§ **Problem description**: Below are several entries. Transcribe exactly those lines that fall from the one with "Kremin Hotel Kremençuk Dış mekan fotoğraf" through the one with "天然岩石标本摩洛哥白大理石底的赫马提块KidneyOre图片", end lines included.
Material for the task: Begin
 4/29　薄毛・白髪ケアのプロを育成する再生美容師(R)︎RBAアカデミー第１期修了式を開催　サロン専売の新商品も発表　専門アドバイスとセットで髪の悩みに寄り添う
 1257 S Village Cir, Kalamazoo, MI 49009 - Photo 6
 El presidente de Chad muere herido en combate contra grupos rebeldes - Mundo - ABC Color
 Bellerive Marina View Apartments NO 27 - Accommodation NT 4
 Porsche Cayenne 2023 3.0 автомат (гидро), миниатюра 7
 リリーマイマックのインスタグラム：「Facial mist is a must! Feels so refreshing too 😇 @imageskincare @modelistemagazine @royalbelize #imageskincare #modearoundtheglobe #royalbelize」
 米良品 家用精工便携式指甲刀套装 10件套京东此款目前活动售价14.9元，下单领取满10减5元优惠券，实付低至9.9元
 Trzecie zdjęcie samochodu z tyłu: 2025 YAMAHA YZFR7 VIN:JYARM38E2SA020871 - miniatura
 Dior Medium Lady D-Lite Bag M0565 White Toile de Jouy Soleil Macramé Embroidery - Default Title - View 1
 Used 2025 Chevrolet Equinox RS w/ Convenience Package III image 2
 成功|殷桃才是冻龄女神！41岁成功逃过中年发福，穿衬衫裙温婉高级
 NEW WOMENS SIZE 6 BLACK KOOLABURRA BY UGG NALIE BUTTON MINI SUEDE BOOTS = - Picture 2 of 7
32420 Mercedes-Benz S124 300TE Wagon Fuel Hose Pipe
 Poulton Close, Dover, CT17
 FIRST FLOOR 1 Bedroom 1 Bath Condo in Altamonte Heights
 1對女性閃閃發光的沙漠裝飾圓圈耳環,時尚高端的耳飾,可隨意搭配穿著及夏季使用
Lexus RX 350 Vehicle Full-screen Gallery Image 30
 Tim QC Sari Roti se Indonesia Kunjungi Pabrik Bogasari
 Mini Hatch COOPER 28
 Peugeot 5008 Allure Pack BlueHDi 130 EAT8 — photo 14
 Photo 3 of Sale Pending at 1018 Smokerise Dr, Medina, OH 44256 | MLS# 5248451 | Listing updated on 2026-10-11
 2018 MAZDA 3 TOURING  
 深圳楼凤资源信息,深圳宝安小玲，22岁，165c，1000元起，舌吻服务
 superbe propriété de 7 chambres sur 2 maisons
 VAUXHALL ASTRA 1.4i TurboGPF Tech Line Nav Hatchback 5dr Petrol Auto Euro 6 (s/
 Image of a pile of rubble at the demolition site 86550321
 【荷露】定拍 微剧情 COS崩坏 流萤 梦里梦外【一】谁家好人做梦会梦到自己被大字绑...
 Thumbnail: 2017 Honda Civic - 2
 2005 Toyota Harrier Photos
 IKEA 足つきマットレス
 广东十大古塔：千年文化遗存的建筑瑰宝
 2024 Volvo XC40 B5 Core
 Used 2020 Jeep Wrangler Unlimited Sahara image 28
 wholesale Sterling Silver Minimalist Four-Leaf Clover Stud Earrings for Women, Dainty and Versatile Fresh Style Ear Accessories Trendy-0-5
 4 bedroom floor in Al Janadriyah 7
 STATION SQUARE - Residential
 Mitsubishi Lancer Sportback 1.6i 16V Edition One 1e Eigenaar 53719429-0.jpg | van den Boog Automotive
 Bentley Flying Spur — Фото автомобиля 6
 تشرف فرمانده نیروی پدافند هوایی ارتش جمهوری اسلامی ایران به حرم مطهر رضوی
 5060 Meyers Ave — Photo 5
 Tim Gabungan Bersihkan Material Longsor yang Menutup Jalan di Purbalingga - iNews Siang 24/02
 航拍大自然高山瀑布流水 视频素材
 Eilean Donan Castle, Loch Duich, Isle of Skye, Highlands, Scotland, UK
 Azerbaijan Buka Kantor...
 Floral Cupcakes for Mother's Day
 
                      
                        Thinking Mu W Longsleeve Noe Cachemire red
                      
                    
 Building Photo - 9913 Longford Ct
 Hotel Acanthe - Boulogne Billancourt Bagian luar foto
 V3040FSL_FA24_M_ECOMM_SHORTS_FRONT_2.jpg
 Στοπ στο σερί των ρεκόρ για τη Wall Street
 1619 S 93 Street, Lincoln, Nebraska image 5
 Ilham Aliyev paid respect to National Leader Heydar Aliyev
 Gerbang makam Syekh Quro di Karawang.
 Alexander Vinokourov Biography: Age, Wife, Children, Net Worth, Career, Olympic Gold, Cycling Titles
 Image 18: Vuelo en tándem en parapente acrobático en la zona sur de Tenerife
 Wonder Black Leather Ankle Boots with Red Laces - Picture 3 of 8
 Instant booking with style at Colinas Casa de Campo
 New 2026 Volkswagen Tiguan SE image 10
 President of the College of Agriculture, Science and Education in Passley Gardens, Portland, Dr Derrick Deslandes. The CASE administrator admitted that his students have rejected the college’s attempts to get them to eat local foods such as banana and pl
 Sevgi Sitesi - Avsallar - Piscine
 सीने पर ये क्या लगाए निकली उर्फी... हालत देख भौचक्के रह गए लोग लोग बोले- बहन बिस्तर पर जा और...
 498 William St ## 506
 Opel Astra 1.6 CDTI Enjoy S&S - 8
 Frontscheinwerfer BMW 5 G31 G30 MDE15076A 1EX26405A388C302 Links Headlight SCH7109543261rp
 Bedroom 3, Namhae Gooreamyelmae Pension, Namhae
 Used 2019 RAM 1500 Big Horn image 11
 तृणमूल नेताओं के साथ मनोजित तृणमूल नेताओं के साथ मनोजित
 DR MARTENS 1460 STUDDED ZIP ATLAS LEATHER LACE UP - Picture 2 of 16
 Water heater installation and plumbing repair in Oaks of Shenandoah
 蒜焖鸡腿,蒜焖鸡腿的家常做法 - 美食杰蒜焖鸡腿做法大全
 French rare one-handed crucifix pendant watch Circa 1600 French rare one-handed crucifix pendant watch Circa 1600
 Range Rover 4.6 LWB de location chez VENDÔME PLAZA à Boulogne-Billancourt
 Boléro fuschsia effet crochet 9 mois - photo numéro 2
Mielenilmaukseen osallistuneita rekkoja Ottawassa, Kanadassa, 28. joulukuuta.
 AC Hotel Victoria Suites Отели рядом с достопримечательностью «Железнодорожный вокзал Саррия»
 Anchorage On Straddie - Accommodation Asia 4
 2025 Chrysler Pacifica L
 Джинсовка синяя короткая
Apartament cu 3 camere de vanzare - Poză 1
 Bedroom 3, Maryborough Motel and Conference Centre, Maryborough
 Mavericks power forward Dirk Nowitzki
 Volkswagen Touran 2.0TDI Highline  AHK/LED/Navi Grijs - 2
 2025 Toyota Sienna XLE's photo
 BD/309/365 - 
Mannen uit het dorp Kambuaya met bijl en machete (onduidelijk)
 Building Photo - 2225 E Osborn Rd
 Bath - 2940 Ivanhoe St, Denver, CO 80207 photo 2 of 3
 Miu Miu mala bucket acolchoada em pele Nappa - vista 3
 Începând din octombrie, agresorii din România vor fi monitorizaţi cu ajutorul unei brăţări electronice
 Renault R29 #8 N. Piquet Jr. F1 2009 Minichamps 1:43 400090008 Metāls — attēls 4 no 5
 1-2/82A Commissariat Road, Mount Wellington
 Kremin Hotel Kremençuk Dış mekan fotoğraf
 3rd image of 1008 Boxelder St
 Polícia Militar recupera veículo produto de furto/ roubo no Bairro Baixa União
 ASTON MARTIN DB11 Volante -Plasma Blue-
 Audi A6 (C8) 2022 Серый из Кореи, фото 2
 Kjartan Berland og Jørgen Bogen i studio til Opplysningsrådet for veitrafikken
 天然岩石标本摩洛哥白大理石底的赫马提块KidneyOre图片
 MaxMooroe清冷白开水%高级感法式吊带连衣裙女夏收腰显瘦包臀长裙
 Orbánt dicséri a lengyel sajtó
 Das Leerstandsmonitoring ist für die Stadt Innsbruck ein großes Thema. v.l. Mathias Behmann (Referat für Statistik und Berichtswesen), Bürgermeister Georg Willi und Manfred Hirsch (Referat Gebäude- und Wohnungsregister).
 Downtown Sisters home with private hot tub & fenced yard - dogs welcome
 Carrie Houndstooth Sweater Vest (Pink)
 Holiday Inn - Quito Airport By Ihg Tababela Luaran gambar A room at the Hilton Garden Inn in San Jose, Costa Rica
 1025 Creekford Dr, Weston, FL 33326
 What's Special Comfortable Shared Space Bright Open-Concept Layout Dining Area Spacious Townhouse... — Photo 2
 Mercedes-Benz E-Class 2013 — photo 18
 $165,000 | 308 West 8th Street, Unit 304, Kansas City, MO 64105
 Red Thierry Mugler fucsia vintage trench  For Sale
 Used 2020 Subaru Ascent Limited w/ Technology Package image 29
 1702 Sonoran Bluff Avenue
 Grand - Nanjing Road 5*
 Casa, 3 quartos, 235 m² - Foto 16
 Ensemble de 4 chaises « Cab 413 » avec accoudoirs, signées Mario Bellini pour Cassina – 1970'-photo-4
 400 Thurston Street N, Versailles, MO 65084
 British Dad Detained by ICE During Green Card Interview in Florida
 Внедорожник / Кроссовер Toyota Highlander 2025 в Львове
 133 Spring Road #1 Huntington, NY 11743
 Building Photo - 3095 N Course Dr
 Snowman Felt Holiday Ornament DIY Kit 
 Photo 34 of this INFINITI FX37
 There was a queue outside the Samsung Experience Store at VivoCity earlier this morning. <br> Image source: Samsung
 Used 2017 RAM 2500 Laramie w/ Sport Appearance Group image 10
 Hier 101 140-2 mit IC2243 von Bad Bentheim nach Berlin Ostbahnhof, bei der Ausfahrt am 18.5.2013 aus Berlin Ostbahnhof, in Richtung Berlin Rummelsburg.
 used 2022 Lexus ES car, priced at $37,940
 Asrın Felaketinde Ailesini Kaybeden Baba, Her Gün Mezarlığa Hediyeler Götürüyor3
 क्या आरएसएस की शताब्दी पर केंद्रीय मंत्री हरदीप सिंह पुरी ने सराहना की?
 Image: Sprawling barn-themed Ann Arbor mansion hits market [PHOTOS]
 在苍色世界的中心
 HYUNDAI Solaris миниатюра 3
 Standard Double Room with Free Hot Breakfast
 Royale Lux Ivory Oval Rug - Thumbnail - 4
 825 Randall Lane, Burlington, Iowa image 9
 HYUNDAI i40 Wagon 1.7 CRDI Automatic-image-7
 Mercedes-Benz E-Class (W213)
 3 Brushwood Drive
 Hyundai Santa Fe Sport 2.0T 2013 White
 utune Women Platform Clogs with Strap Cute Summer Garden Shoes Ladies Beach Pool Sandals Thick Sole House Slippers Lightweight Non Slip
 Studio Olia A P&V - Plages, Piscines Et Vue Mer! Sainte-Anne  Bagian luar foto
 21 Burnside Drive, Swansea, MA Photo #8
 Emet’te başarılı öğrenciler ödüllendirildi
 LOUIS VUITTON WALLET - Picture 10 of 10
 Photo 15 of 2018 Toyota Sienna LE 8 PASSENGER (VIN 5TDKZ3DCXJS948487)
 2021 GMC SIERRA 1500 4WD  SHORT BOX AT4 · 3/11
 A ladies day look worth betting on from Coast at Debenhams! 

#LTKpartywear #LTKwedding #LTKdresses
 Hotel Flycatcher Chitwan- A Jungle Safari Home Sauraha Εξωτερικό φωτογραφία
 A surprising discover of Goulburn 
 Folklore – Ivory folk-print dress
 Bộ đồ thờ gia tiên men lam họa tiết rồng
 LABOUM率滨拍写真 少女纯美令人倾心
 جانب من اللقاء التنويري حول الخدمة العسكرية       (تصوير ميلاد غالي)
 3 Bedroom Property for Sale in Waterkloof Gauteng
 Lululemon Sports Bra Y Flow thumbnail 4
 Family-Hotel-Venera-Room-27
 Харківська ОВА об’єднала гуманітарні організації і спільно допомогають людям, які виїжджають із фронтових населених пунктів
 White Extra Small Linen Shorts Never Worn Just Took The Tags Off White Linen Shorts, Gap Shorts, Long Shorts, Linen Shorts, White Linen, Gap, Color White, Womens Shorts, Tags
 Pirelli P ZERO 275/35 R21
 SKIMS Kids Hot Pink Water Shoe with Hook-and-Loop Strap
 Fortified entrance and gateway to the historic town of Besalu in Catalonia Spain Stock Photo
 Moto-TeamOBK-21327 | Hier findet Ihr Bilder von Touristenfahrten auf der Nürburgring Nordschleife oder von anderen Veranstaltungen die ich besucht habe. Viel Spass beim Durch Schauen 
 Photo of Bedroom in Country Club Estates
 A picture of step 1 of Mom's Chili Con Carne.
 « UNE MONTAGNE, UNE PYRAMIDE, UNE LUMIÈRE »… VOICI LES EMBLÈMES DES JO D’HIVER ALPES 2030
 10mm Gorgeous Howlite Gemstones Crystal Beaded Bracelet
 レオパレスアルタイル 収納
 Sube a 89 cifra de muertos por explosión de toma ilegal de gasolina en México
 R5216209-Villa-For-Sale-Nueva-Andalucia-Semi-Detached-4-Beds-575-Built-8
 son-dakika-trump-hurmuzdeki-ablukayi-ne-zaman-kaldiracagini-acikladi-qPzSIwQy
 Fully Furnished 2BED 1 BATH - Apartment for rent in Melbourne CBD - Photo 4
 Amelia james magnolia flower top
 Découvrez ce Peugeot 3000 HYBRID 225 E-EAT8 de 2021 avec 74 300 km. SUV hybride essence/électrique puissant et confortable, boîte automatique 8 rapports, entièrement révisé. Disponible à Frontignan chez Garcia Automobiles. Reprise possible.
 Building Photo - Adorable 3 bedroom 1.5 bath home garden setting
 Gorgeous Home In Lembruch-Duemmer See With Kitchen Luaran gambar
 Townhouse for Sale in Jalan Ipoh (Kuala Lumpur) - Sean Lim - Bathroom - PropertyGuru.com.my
Material for the task: End
§ **Task solution**:
 Kremin Hotel Kremençuk Dış mekan fotoğraf
 3rd image of 1008 Boxelder St
 Polícia Militar recupera veículo produto de furto/ roubo no Bairro Baixa União
 ASTON MARTIN DB11 Volante -Plasma Blue-
 Audi A6 (C8) 2022 Серый из Кореи, фото 2
 Kjartan Berland og Jørgen Bogen i studio til Opplysningsrådet for veitrafikken
 天然岩石标本摩洛哥白大理石底的赫马提块KidneyOre图片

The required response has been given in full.